Rice is one of the major staple foods in Nigeria, consumed across all geopolitical zones and socioeconomic classes. Rice consumption is increasing rapidly in Nigeria because of the shift in consumer preference towards rice, increasing population growth, increased income levels, and rapid urbanization. It is commonly boiled and eaten with stew or vegetable soup. It is also used in the preparation of several local dishes that are eaten in every home, especially during festivals and ceremonies. However, rice production falls short of demand; the country depends heavily on rice importation of over 3 million tonnes annually, equivalent to over US$480 million in scarce foreign exchange. The Nigeria agricultural landscape is changing, with increased government policies aimed at stimulating private sector involvement and boosting local production. The efforts are starting to show results, as Nigeria’s rice production rose from 3.7 million metric tonnes in 2017 to 4.0 million metric tonnes in 2018. For the record, the major rice producing states in Northern Nigeria are Kebbi, Borno, Kano, and Kaduna. Currently, most of the farmers producing rice rely on traditional technology with low use of improved input technologies. Average rice yields per unit area in the country are low and range between 2.0 and 3.0 t/ha compared to yields of 6‒8 t/ha reported on research plots. It is important for farmers to adopt improved varieties and have a good knowledge of rice agronomy to increase rice production and productivity in the various states in Nigeria. Emphasis on the promotion of improved rice production technologies gained a fresh momentum following the recent policy of rice import restriction. Also, it warranted a need to equip extension agents with up-to-date information on crop production practices.

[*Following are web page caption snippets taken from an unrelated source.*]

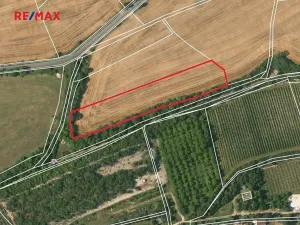 Prodej pole, Slaný, 14213 m2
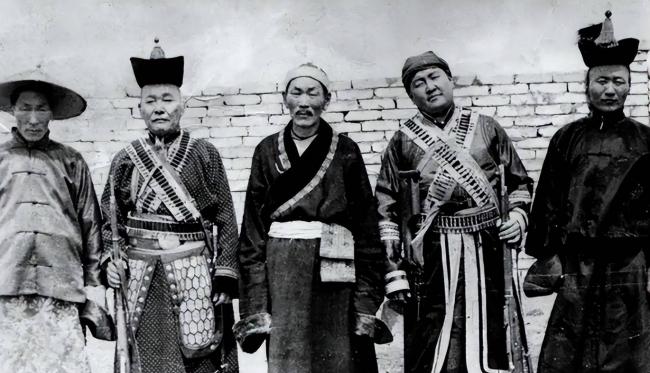 列宁派特工来华只为暗杀此人 脑袋存在俄博物馆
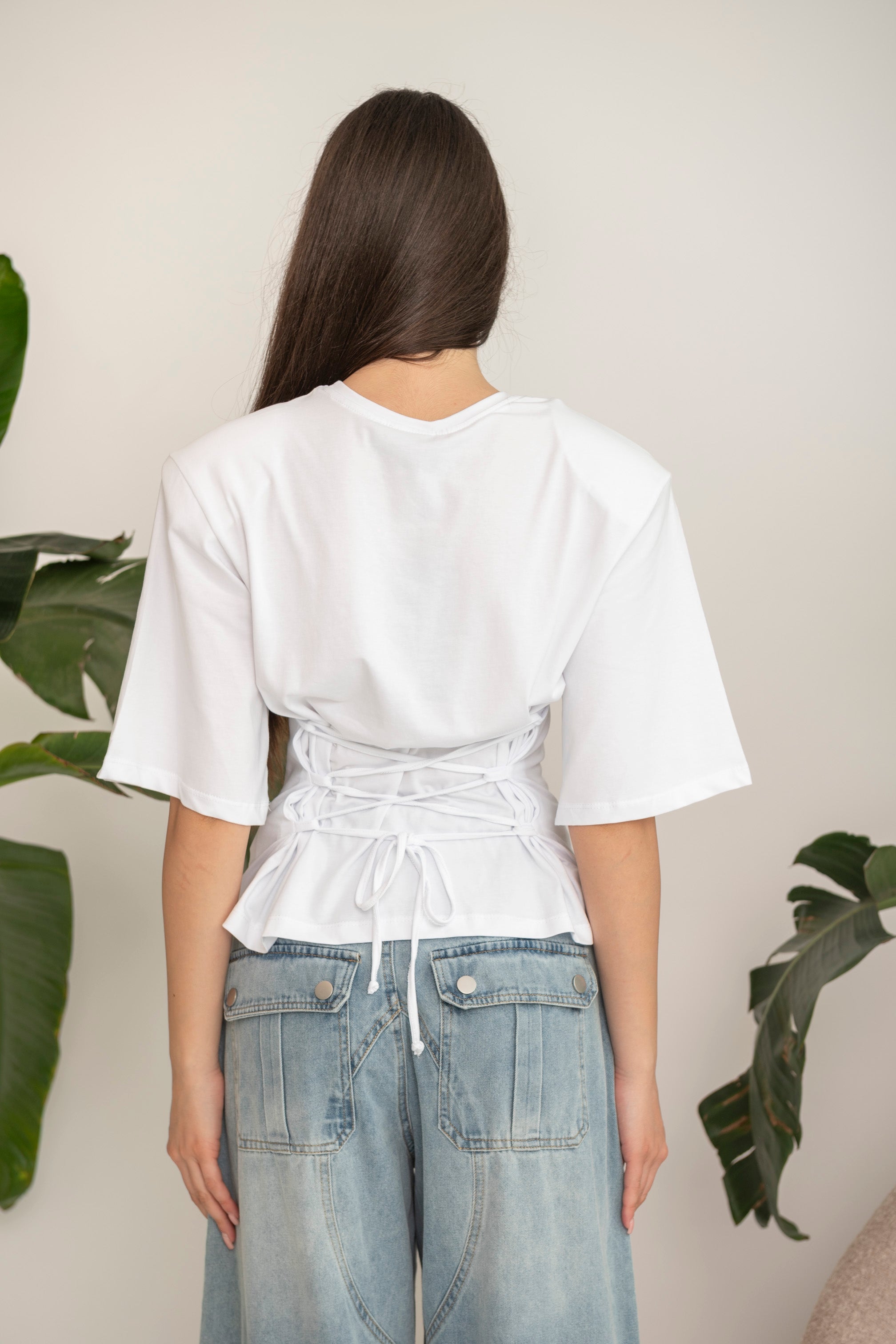 T-shirt con spalline e stringhe sul retro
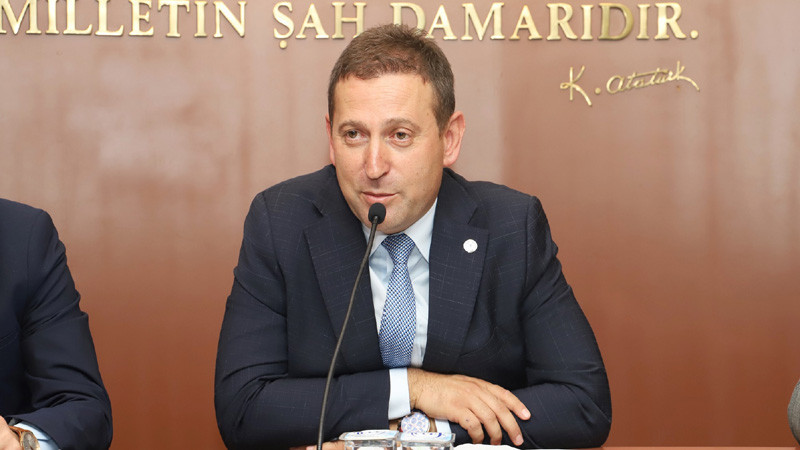 Ankara'da Berberlere 'Mavi Bayrak' Uygulaması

Important steps in growing rice
In Northern Nigeria, rice can be grown in two main areas: Lowland areas: These are lowlands on the edges of flooded fadamas (inland valleys) and irrigation schemes where water is available for 4½ to 5 months. In some areas, water may be available for more than 5 months. Upland areas: These are areas with good soil and rainfall of over 700 mm. Select fertile land.
Proper land preparation is necessary for rice production to minimize competition with weeds. Two harrowings provide sufficient tilth for rice growth. Ridging is not necessary and is often a waste of space. In the southern parts of Adamawa and Borno states where the soils are more fragile and prone to erosion, minimum or zero tillage is recommended. Where zero tillage is to be adopted, the field should be sprayed with glyphosate at the rate of 4 L/ha (about 2⅓ Peak milk tins
of chemical/15-L sprayer) to kill emerged weeds. About 10 days after spraying glyphosate, slash or mow the dead weeds.
Seeds and seed preparation
After deciding on the rice variety to use, select plump, viable seeds that will grow vigorously.
Sources of improved rice seeds
Contact any of the following sources nearest to you for your supply of viable rice seeds:
• Agricultural Officer or extension worker
• State Agricultural Development Project that includes rice in its production programs
• River Basin Development Authority
• Branch officer of the National Agricultural Seeds Council
• Seed companies
• Other rice farmers
• Research Institutes with a mandate for rice production
Procedure for sorting seeds for planting
• To separate the heavier seeds from the lighter ones, soak them in 12% common salt solution or muddy water for about two minutes.
• To prepare the salt solution, dissolve 2 Peak milk (standard size) tins full of salt in 18 L of water (about a bucket full).
• The seeds that sink to the bottom of the solution are the healthy seeds.
• Separate the seeds.
• Wash the heavier seeds free of salt.
• Dry the seeds after washing and then sow. Accelerate germination by soaking the seeds in cold water for 24 hours or overnight; then drain and incubate them in a warm moist place for 36 to 48 hours. The germinating seeds should be sown immediately after incubation.